── PROVIDED ENTRIES
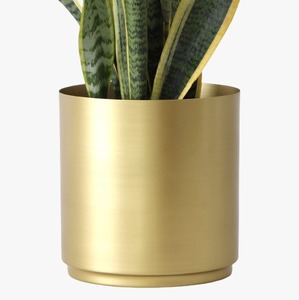 Pot de fleurs en métal finition or de luxe, fournisseur indien, pour salon, hall d'hôtel et décoration commerciale, disponible à la vente - Product Image 1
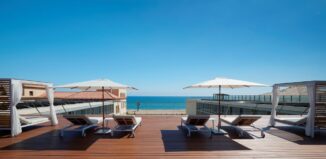 Ver el eclipse solar de 2026 frente al Mediterráneo: en Le Méridien Ra Beach Hotel & Spa mejor hotel de tarragona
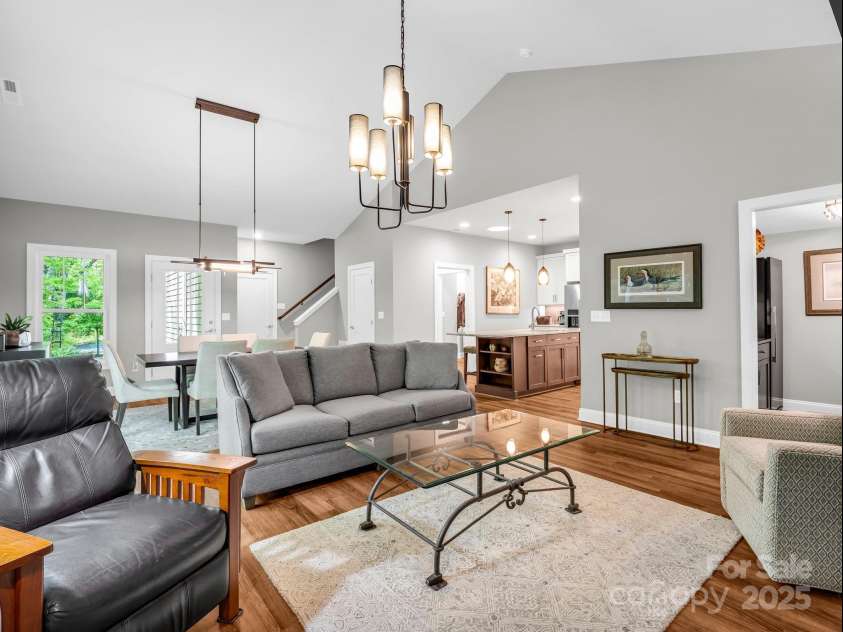 29 Stonehollow Lane, Brevard, NC 28712.  MLS# CAR4282263, YatesRealty ID 28142. 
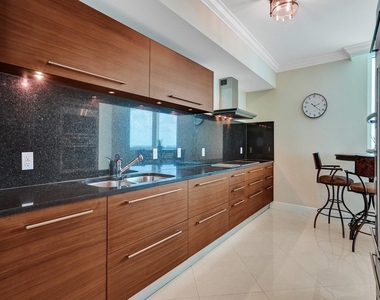 101 S Fort Lauderdale Beach Boulevard - Photo Thumbnail 32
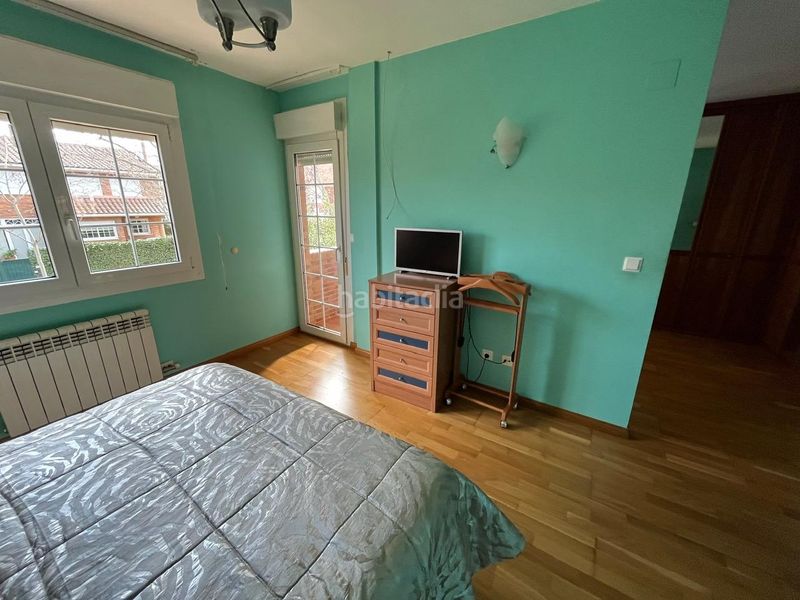 Foto 60b3a178-01b7-4cdd-9211-e871fa915fa1. Casa adossada amb calefacció aparcament a Montecanal Zaragoza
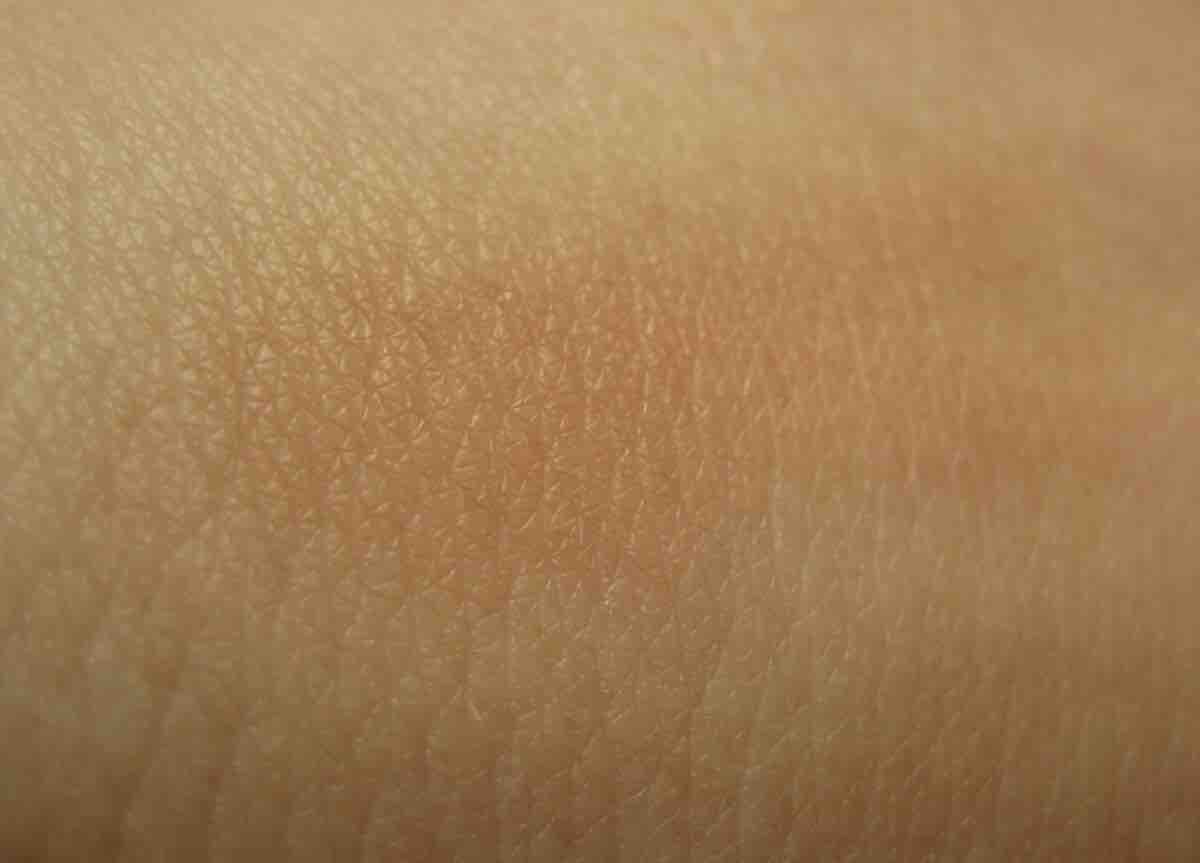 MAC_Bone Beige_Swatch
────
_PROBLEM REQUIREMENTS_: Your answer must be the exact lines from the records above, from the one containing "Ver el eclipse" through the one containing "Foto 60b3a178-01b7-4cdd-9211-e871fa915fa1. Casa", both included, with every picture left out.

_ANSWER TO THE PROBLEM_:
 Ver el eclipse solar de 2026 frente al Mediterráneo: en Le Méridien Ra Beach Hotel & Spa mejor hotel de tarragona
 29 Stonehollow Lane, Brevard, NC 28712.  MLS# CAR4282263, YatesRealty ID 28142. 
 101 S Fort Lauderdale Beach Boulevard - Photo Thumbnail 32
 Foto 60b3a178-01b7-4cdd-9211-e871fa915fa1. Casa adossada amb calefacció aparcament a Montecanal Zaragoza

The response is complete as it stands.